Glasgow is my rooted place. There are things about it that I think other people might miss, things that make it like nowhere else and which make it mine. It is all the little things about this city that I love which makes it home. If you walk through Kelvingrove park at around nine o’clock in the morning, from when the days start to get lighter until Winter takes hold, there is always the sound of seagulls squabbling with each other. They fill the park with a sound which so closely resembles laughing. That is Glasgow for me. A place that laughs at itself, that is merry and humorous. It is always laughing, often at someone’s expense, but full of affection. When I was homesick, what I thought about was the sound of that park on damp mornings, the cold air. On days where it was overcast, which was not often in Sydney, I thought about Glasgow’s greyness. I couldn’t be rid of her.
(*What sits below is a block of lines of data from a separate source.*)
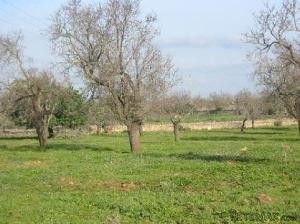 Finca near Santa Margarita, with.. - 2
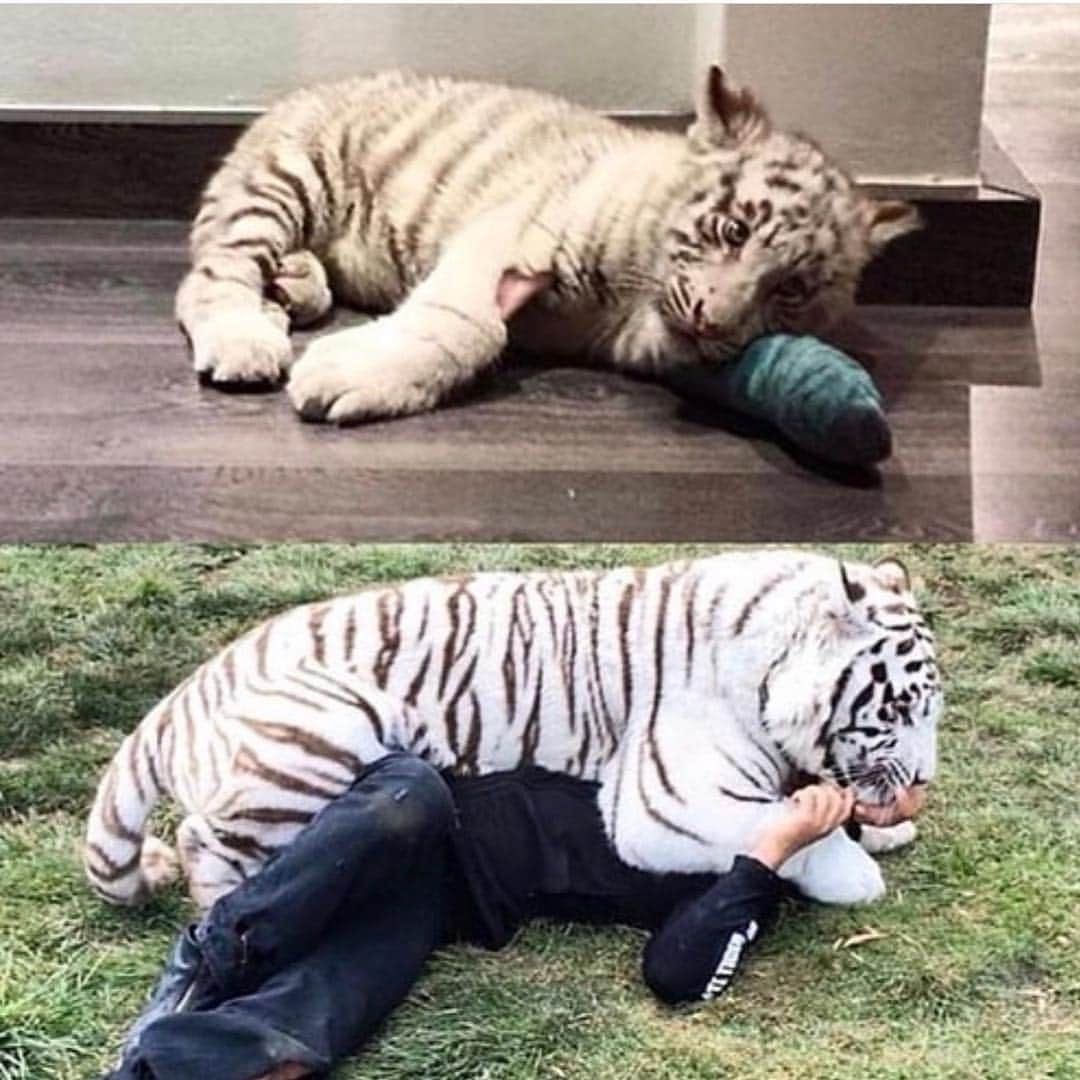 Black Jaguar-White Tiger さんのインスタグラム写真 - (Black Jaguar-White Tiger Instagram)「Before & After. Enzo is even double that size now :) #BabyEnzoBJWT」3月20日 11時03分 - blackjaguarwhitetiger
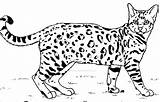 Bengal Cat Lineart Canis Simensis Chat Deviantart sketch template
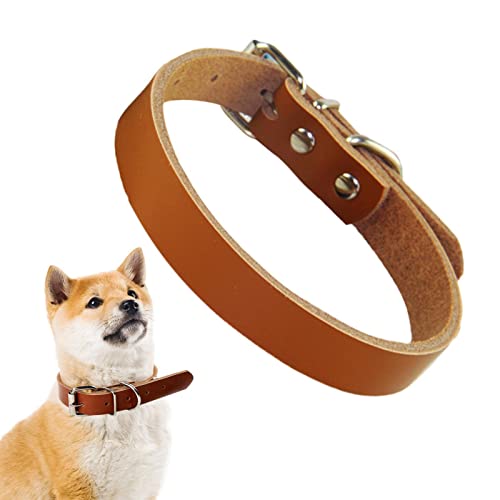 Gerolltes Hundehalsband Leder - Verstellbares mittleres Hundehalsband mit Schnalle - Haustier-Hundehalsbänder für den täglichen Spaziergang, Training und Outdoor-Sport von Eayoly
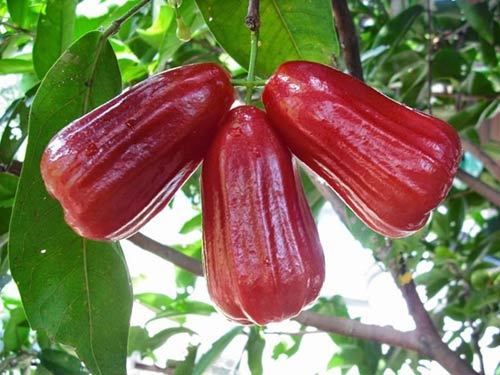 CÂY GIỐNG ROI ĐỎ THÁI LAN SIÊU NGON SIÊU QUẢ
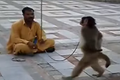 Con khỉ bá đạo nhất quả đất
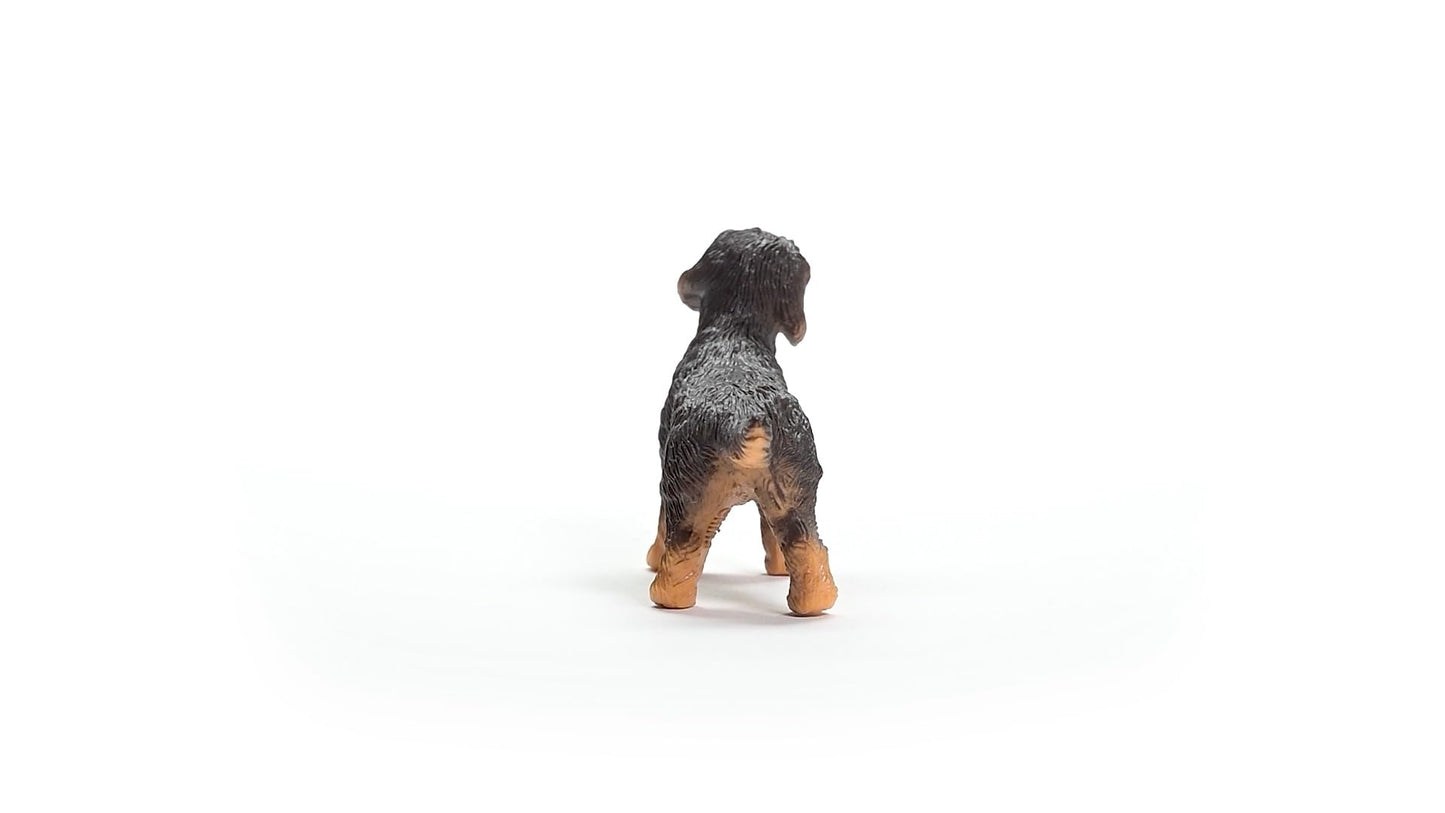 Schleich 13972 Figurina Rauhaardackel, Farm World, 3+ ani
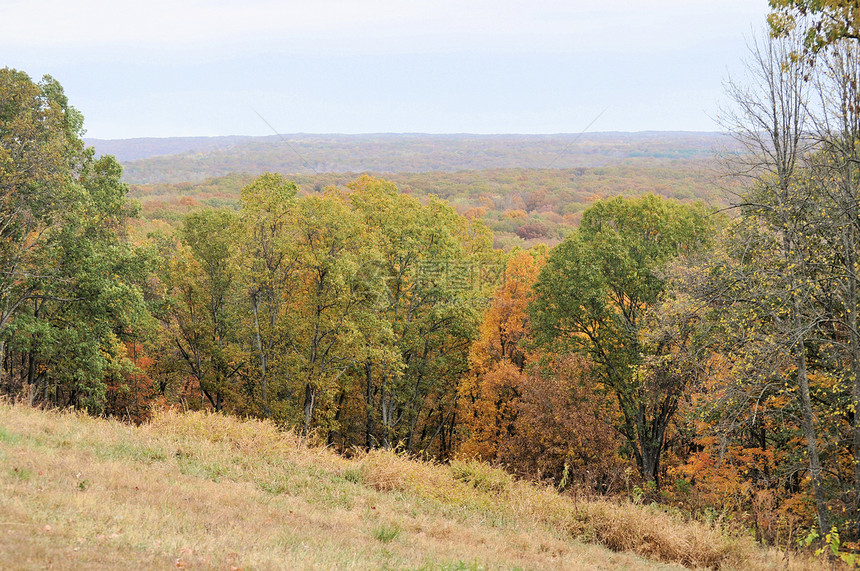 布朗县国家公园绿色树干叶子季节换季树叶丘陵爬坡树木植物群图片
My mind found ways to return to her, to those places, to connect me with what was at a distance, to those people whom I couldn’t reach but who exist perpetually wrapped up in the places I shared with them – the sights and sounds, smells and experiences of these spaces which root me to myself.
Yet ‘home’, synonymous with our beginnings, is in some sense not about the place at all. I think it is perhaps more about our constant attempt to narrate our lives; to remain connected to our former selves, our family and our heritage as we move away from those things, as we migrate and adapt to different places and begin new phases of our lives. It was not until I left Glasgow that I would come to realise what it was about home that made it feel like this to me. I had to try and find traces of it in this far away place. I wanted to be able to take parts of Glasgow with me; those things I couldn’t take were what I longed for. The exhibition, by capturing this, is a beautiful portrait to this desire we all have to collect parts of our past and to keep things that die alive; to carry places with us when we leave them; and to forever be able to find, through our environment, a sense of belonging, not only to a physical place, but by way of the stories that fuse our lives with those of our loved ones.